Ah, Sundays. There’s nothing better than sleeping in on a lazy Sunday morning, taking your time with breakfast, coffee, the paper. Disbelief and a gratifying sense of shame when you realize that it’s already 1:30 in the afternoon and you’re still in your pajamas. These Sunday morning hours were so peaceful, though! You can be forgiven for wasting them in a haze of comfort.
Wonderful when it happens, but not all Sundays are like this. And in Valencia, the last Sunday in February manages to achieve the polar opposite. It’s 7:30 in the morning, and you’re on the streets, in the middle of World War III.
The Despertà is Valencia’s annual wake-up call for Fallas — the region’s most important festival and one of the biggest in the world.

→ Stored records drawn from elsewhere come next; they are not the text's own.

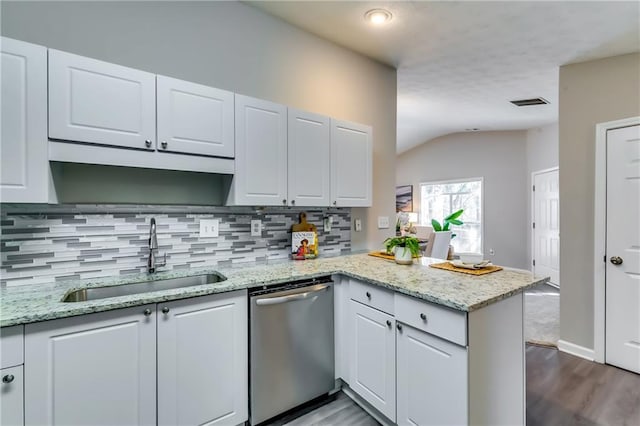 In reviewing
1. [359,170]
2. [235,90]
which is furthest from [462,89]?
[235,90]

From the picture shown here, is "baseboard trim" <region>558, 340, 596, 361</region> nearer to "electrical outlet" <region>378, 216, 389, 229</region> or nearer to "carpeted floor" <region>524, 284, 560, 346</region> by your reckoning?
"carpeted floor" <region>524, 284, 560, 346</region>

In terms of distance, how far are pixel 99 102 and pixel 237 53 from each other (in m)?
1.10

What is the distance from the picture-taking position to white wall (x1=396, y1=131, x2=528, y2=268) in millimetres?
5812

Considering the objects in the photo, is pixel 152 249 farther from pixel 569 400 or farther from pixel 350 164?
pixel 569 400

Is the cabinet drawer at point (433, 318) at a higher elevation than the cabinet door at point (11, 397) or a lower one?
higher

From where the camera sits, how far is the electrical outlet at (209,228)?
2119mm

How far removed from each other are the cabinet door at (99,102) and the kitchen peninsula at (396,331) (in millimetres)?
807

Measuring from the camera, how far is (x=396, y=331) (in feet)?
5.46

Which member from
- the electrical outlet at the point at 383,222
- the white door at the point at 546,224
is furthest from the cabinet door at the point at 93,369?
the white door at the point at 546,224

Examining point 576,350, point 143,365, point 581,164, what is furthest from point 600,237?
point 143,365

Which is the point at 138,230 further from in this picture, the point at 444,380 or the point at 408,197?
the point at 408,197

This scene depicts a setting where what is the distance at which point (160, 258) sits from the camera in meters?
1.97

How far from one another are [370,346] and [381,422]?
1.50 feet

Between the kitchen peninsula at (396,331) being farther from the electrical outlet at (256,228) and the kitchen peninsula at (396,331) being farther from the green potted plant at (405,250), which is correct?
the electrical outlet at (256,228)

At 7am, thousands of people belonging to organized groups (Fallas Commissions) gather at Parterre Park (location) to collect their ammunition bags for an assault on the city’s sleeping populace. And at 7:30am sharp, all hell breaks loose. These freaks just start throwing firecrackers everywhere.
And I’m not talking cute <pop!> cherry bombs. This is the real shit. 15 seconds into the “parade”, a piece of shrapnel caught me just under the eye. An ugly, fat kid laughed at me before throwing a mini-grenade under my feet. A zombie-eyed homeless guy snuck up behind me, then offered me a firecracker. I think I screamed, I’m not sure, my ears were reverberating, reality seemed skewed. I was beginning to panic, and the Despertà had just started.

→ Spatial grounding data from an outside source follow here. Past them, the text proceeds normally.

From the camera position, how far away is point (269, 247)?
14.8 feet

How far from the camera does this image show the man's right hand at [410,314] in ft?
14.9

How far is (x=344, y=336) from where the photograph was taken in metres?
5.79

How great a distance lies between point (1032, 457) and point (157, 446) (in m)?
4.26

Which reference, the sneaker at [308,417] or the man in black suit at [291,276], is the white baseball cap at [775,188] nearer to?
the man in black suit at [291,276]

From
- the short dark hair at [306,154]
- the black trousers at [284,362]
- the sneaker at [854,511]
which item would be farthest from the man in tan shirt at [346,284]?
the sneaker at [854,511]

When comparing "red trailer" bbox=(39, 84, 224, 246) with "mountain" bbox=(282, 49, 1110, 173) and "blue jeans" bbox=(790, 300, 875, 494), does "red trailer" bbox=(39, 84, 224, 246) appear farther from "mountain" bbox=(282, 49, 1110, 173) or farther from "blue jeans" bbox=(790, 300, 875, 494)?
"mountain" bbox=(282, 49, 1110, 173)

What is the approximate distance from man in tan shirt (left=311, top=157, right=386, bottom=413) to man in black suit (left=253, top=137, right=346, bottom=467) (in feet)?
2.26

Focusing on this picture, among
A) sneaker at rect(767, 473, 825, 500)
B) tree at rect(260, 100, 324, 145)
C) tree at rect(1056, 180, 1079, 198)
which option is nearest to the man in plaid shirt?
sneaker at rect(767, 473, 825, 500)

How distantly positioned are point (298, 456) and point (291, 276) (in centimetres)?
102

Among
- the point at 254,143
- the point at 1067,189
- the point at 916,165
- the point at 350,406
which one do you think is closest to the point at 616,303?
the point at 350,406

But it didn’t take long to succumb to the insanity. By the parade’s end, both Juergen and I were gleefully stomping on unpopped firecrackers, and whipping them at onlookers we decided weren’t having enough “fun”.
As most Valencian parades tend to, the Despertà leads its psychotic participants to the Plaza del Ayuntamiento, where the final act is a short, intense mascletà.